Saturday, January 22, 2011

On Black Holes

A while back I was racking my brain trying to understand the physical volume of a black hole, both alone and in relation to it's event horizon, technically known as a Schwarzschild radius. It dawned on me–or rather the idea finally clicked after hearing it professed many times–that the best way to imagine the thing in one's head is actually not as an object but as an affected region of space-time.

Typically, when a star burns off all its hydrogen it switches to burning heavier elements that have formed as the result of the star's own natural fusion reaction. Fusing helium next results in heavier elements, which sink to the star's denser core, eventually forming up the heaviest, non-fusible material there, carbon. Burning through these lighter elements decreases the star's mass while maintaining more energetic fusion reactions, swelling the thinned outer layers of gas against the weakening pull of gravity.
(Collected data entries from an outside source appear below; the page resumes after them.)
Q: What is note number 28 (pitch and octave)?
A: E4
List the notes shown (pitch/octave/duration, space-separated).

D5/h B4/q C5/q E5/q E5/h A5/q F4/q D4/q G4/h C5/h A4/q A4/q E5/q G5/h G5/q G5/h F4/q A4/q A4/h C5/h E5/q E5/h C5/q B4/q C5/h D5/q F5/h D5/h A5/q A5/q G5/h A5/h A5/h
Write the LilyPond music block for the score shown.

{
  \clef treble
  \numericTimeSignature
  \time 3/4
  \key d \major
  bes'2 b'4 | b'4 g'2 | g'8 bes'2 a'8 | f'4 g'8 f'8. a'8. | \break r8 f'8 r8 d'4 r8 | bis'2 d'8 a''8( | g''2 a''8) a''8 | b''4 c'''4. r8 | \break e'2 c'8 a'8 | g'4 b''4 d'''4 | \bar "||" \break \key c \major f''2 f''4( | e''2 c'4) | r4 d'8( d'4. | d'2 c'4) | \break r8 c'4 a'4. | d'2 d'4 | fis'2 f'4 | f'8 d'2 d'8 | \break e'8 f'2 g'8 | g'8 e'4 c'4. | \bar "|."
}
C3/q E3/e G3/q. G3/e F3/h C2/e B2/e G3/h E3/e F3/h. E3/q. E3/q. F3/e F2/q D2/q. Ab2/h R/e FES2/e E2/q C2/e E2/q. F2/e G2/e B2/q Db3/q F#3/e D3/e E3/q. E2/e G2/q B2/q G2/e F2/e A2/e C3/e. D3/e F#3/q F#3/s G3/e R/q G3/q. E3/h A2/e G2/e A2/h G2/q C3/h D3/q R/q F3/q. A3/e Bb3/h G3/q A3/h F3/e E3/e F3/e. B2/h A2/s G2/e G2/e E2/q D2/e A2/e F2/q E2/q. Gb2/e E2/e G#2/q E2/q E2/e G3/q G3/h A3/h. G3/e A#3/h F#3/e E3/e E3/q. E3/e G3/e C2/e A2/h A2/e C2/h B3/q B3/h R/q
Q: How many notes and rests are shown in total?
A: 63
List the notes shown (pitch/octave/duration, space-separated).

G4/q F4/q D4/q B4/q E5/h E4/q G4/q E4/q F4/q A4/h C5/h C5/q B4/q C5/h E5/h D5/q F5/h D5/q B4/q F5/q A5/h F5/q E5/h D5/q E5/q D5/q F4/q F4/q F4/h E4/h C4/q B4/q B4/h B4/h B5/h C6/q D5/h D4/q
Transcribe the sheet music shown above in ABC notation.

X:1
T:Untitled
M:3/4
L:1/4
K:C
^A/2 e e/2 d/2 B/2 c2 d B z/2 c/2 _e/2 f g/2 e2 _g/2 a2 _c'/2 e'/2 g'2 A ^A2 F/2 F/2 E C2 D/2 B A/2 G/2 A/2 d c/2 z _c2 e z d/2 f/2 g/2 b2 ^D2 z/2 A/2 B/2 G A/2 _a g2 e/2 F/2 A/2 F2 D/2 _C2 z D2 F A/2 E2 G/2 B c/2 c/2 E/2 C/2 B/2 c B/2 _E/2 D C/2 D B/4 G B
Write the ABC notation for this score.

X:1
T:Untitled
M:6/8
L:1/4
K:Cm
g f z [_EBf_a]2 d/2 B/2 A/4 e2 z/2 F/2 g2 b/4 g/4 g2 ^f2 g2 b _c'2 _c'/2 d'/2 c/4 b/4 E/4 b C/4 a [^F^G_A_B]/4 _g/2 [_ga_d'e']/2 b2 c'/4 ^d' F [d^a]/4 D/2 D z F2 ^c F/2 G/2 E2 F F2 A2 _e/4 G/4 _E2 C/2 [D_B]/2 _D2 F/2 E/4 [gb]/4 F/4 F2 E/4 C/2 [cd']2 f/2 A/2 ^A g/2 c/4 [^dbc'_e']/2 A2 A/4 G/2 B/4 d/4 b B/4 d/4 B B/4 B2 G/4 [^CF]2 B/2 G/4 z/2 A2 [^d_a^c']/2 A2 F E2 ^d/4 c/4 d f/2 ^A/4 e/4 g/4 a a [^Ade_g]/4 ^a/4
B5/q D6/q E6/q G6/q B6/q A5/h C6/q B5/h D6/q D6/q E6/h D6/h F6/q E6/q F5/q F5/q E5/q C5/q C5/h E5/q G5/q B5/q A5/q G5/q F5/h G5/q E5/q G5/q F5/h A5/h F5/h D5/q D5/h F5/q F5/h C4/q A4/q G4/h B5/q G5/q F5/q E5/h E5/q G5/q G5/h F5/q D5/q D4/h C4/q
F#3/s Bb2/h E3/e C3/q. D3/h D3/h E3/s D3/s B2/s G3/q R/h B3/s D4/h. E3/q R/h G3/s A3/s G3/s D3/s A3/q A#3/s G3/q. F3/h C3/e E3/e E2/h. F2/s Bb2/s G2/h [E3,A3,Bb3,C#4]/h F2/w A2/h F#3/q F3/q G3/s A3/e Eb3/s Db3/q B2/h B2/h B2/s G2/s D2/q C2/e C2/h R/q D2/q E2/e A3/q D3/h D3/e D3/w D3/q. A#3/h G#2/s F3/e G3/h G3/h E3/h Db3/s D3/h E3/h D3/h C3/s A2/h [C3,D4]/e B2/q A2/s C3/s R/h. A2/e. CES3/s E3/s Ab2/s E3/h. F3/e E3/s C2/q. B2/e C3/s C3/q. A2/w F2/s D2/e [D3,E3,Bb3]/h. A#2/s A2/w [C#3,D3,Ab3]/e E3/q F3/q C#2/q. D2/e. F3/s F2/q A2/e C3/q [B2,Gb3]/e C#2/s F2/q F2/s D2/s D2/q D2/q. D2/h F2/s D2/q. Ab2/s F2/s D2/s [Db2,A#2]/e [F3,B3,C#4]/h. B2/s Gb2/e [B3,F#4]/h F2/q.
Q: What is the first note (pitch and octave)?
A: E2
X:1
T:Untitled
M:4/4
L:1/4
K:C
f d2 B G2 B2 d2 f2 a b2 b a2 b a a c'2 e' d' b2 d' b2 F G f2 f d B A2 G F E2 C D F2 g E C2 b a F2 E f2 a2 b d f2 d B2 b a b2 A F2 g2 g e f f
This is what ultimately kills any star which has yet to go nova or smolder to a charred lump of diamond. Gravity overwhelms  the fusion reaction and collapses the star into itself, throwing off its outer layers as the bounce into each other. Depending on how massive it was to start, the star might collapse enough to ignite the heavier elements mentioned above and gain a few more years, but eventually those run down and there is a full collapse. The atoms smush together so hard and so closely that protons and electrons merge back into neutrons, forming a "neutron star," a diamond-carbon shell over a sea of "liquid" spinning neutrons about 12 miles across.

If the collapse is still ongoing under an even greater mass, it's suspected the star can be further squished into a "quark star," where the neutrons merge back into loose quarks, about 1/3 up- and 2/3 down-quarks but potentially also some "strange" and worse varieties. Beyond that maybe a "prion star" can form if there's something smaller than a quark, but we're getting farther and farther afield of our topic.

At a certain point of mass, the force of collapse within the star overcomes the ability of matter to fit into a finite volume, or rather space breaks because it can no longer fit more mass into less volume. All of the star's mass condenses to a 1-dimensional point.

The trick is, all that mass still affects a region of space exactly the size as the original star, less of course the measure of mass thrown off by the tremendously energetic implosion event. The event horizon, then, can be pictured as the ghost remnant of the original star's surface area. At the surface of the Earth, escape velocity for a rocket to exit gravity's pull would be 11.2 km/s. For the event horizon, it's now greater that the speed of light C. So really, the event horizon is just an arbitrary boundary sphere (or sometimes a donut) in space, while the mass of the black hole itself lies in the center. Outside it's the point at which no light escapes from within and around which some external light bends, but inside you'd get to see all the pretty lights from around you as you were pulled in towards the central singularity point, watching the universe speed up behind you due to relativistic effects as you go through a process scientifically dubbed "spaghettification."